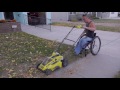 How I mow the lawn - cordless Ryobi mower
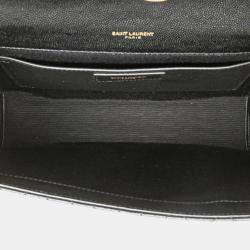 مملوكة مسبقًا حقيبة كتف سان لوران بشعار YSL جلدية متوسطة بلون أسود وذهبي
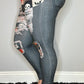 Black Denim Spooky Patch Leggings w/ Back Pockets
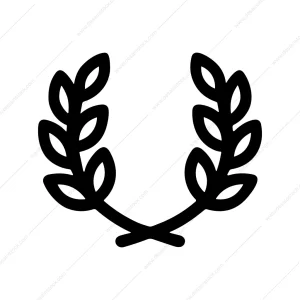Simple Line Olive Branch Wreath Decorative Element Graphic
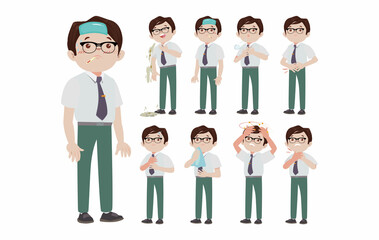 Sick people with different symptoms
──────────────────────────────
WORK TASK: Word for word, restate all of the data, but do not copy the pictures.

RESPONSE TO THE TASK:
 How I mow the lawn - cordless Ryobi mower
 مملوكة مسبقًا حقيبة كتف سان لوران بشعار YSL جلدية متوسطة بلون أسود وذهبي
 Black Denim Spooky Patch Leggings w/ Back Pockets
Simple Line Olive Branch Wreath Decorative Element Graphic
 Sick people with different symptoms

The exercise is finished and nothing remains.